**WHAT YOU HAVE TO DO**
Could you output, word for word, only the lines from the line with "4 CLARENDON COURT, Daytona Beach, FL 32118" to the end of the entries, including both ends? Omit the pictures.

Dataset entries
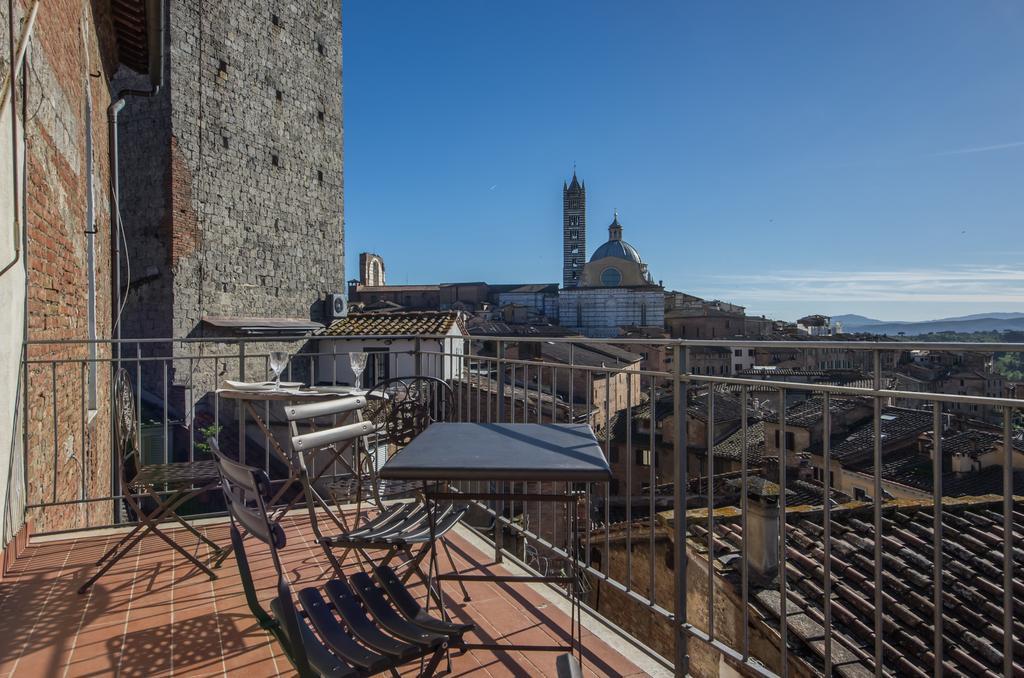 I Terzi Di Siena - Rooms Only Екстер'єр фото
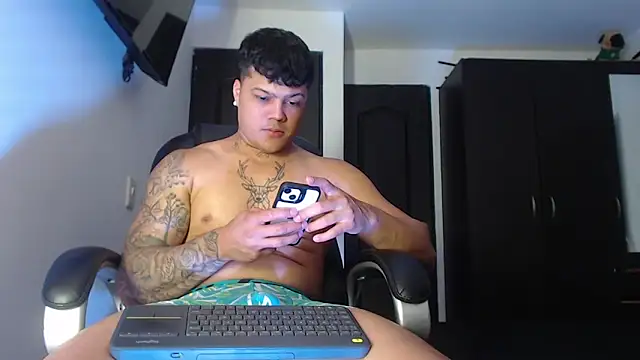 Snapshot of Boyhot_00 chatting on October 14, 2025, 5:57 pm Boyhot 00 online show from October 14, 2025, 5:57 pm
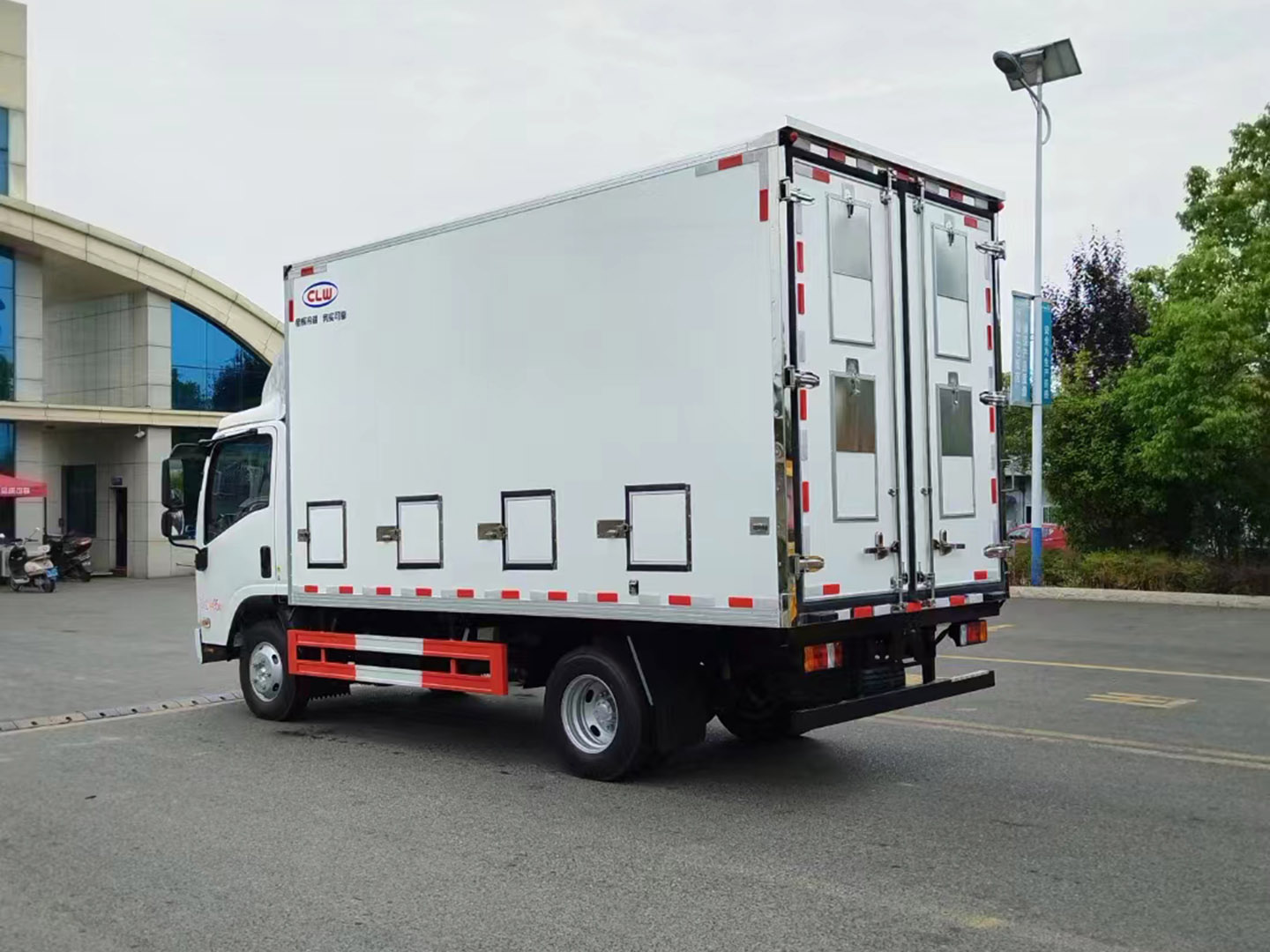 恒溫雞苗車(chē)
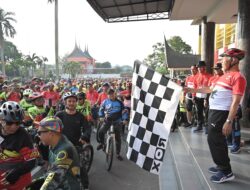Peringatan Hari Bela Negara ke-75 di Sumbar, Gubernur Mahyeldi Lepas Ribuan Peserta Sepeda Sehat
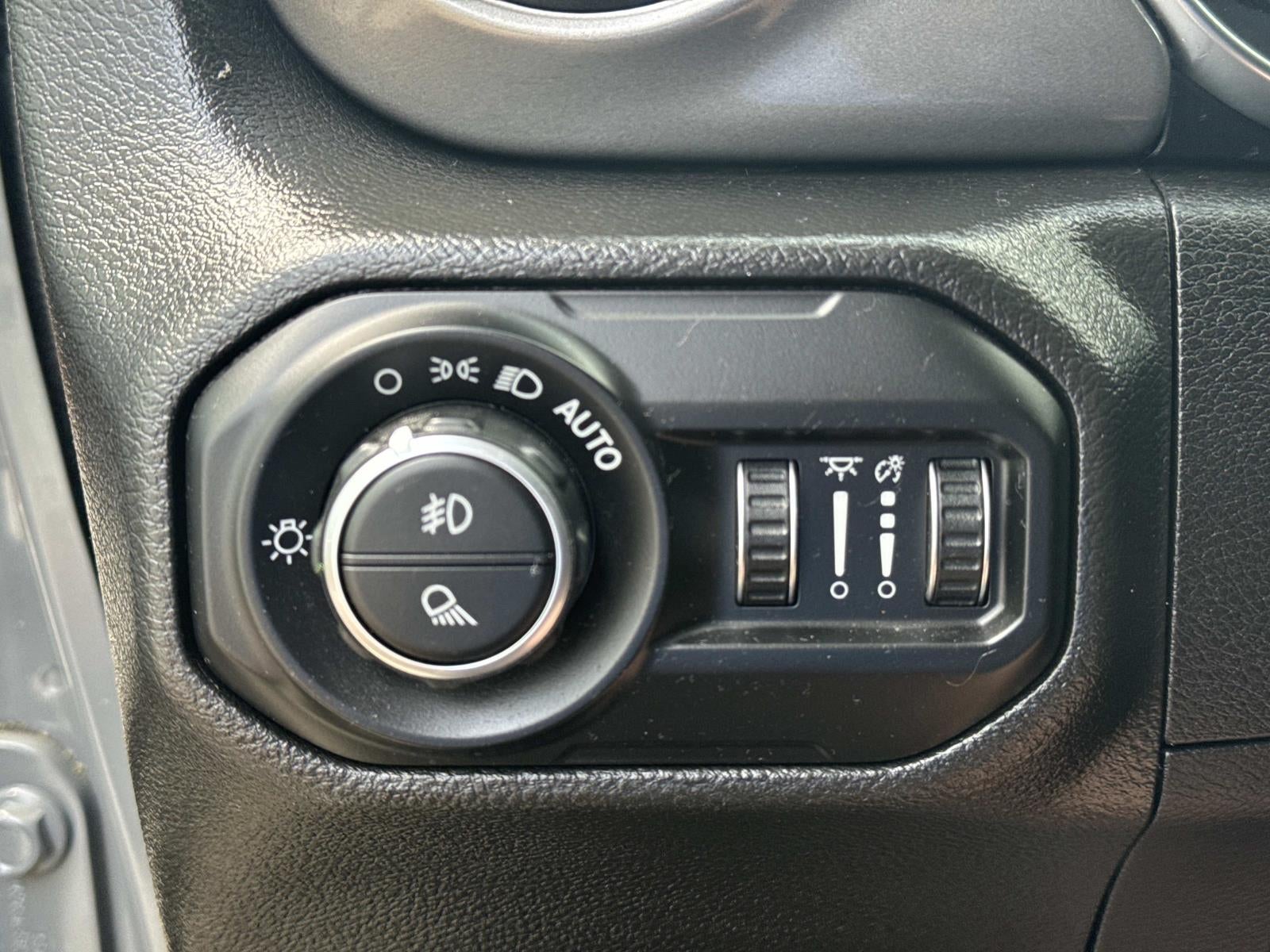 2022 Jeep Gladiator Willys 4x4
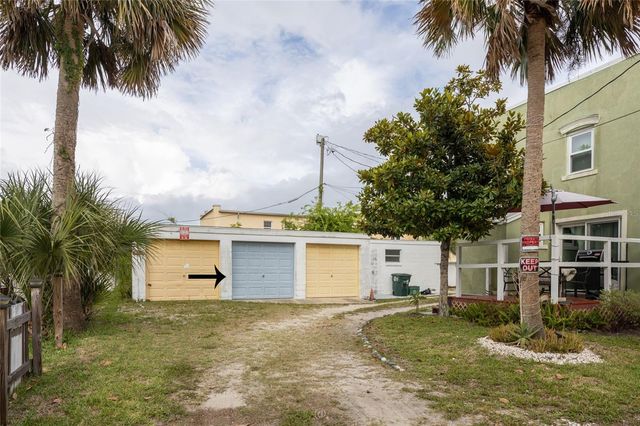 4 CLARENDON COURT, Daytona Beach, FL 32118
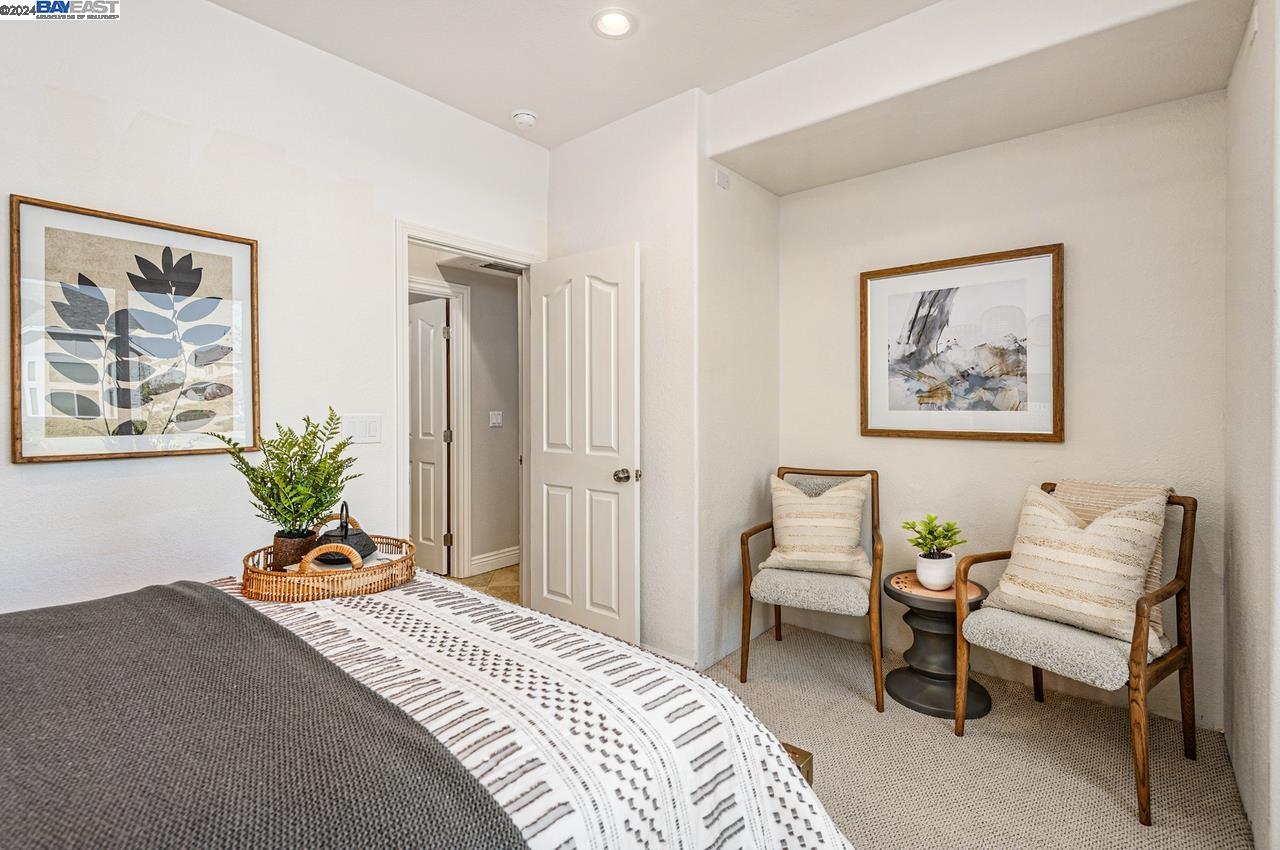 3088 Crestablanca Dr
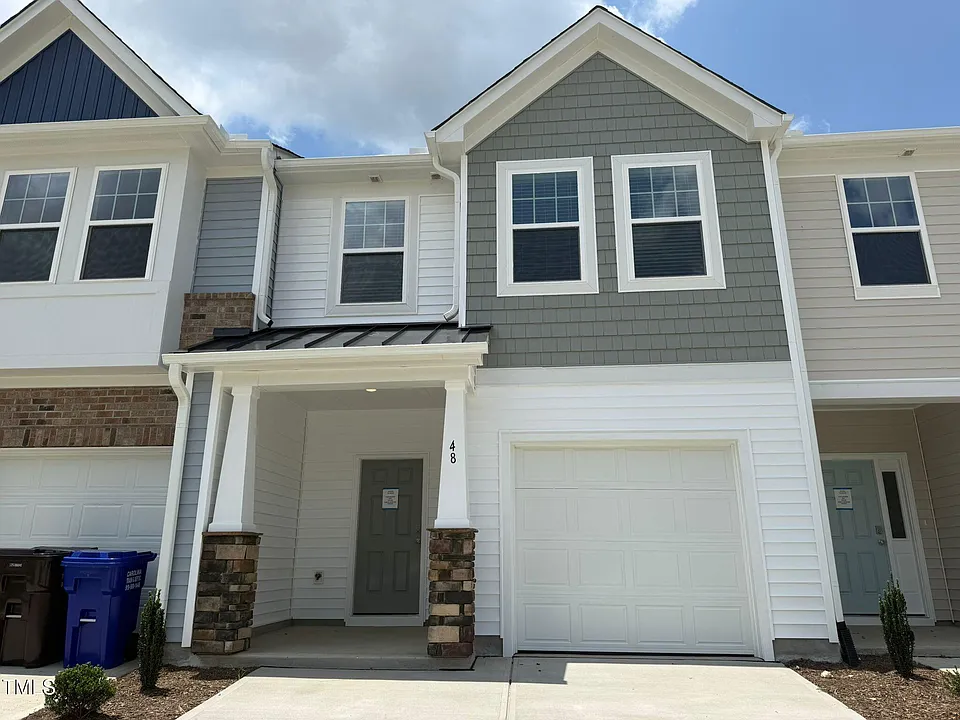 48 Hyacinth Ln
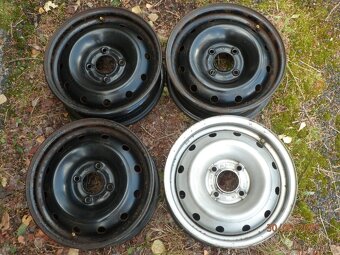 4xPlechové disky na CITROEN 14tky. ET24 300kč všechny. - 2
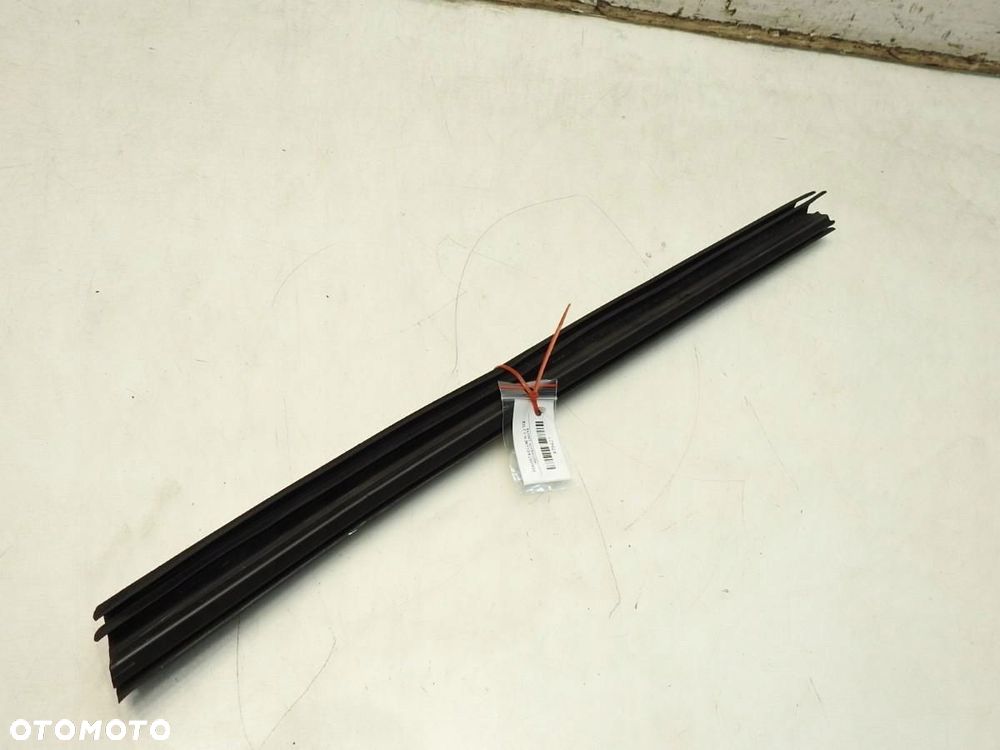 LISTWA ZGARNIAJĄCA DRZWI LEWA TYŁ RENAULT MEGANE IV HB - 6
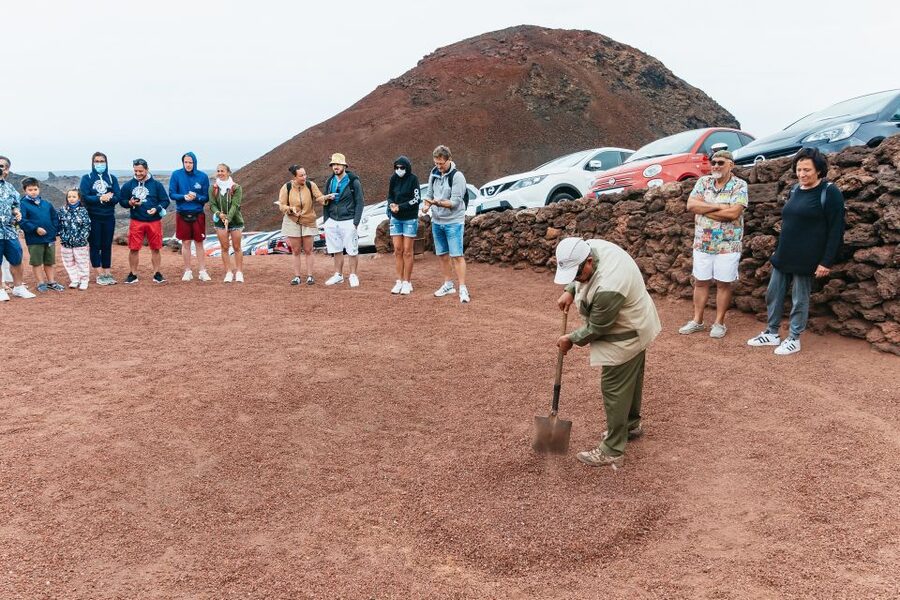 From Fuerteventura: Lanzarote Trip with Wine Tasting & Lunch - Lunch after the volcanic route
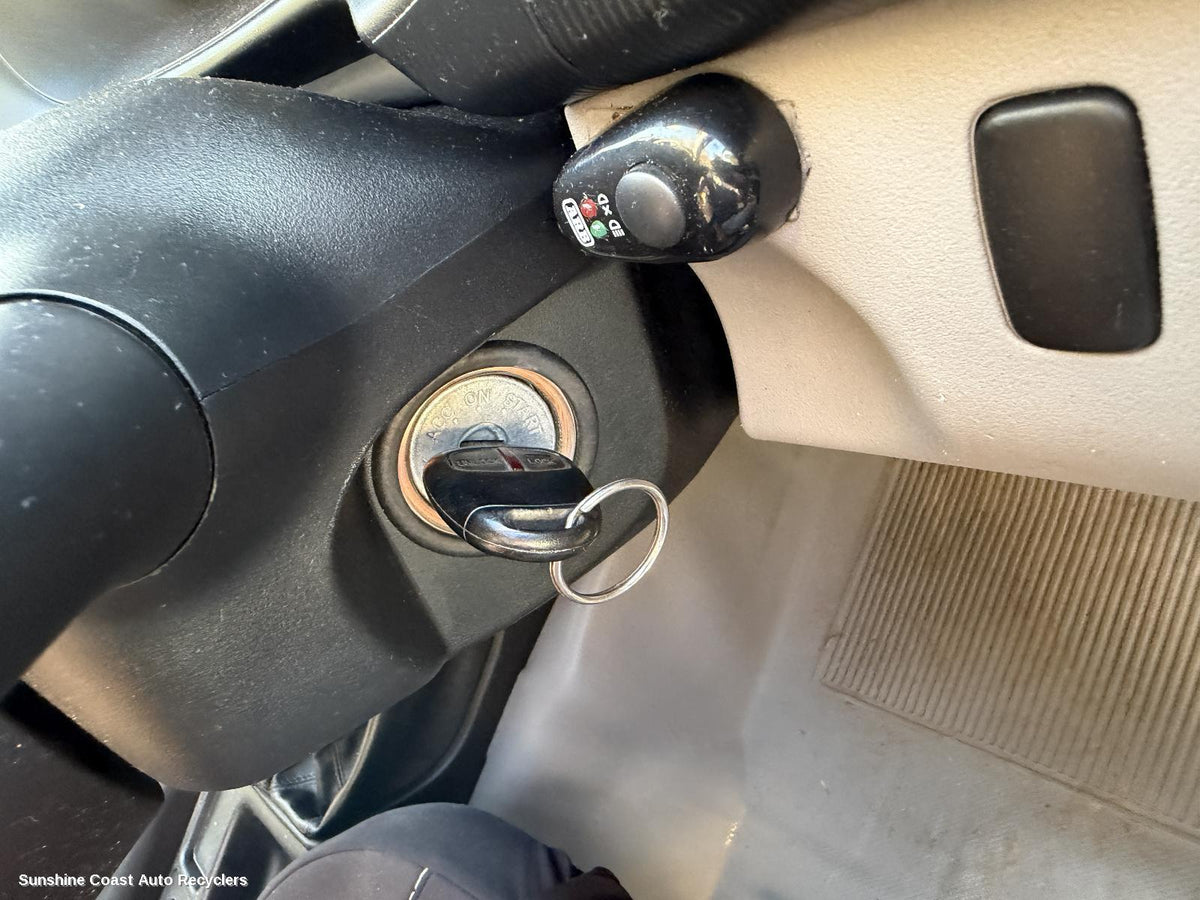 2009-2015 Mitsubishi Triton Ignition W Key
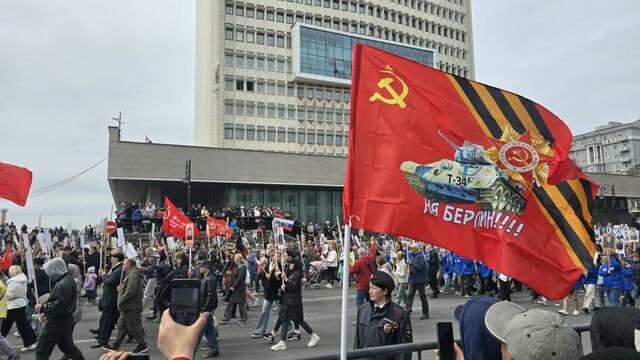 Во Владивостоке с размахом прошел военный парад в честь 80-летия Победы - PRIMPRESS, 09.05.2025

**EXPECTED ANSWER**
 4 CLARENDON COURT, Daytona Beach, FL 32118
 3088 Crestablanca Dr
 48 Hyacinth Ln
 4xPlechové disky na CITROEN 14tky. ET24 300kč všechny. - 2
 LISTWA ZGARNIAJĄCA DRZWI LEWA TYŁ RENAULT MEGANE IV HB - 6
 From Fuerteventura: Lanzarote Trip with Wine Tasting & Lunch - Lunch after the volcanic route
 2009-2015 Mitsubishi Triton Ignition W Key
 Во Владивостоке с размахом прошел военный парад в честь 80-летия Победы - PRIMPRESS, 09.05.2025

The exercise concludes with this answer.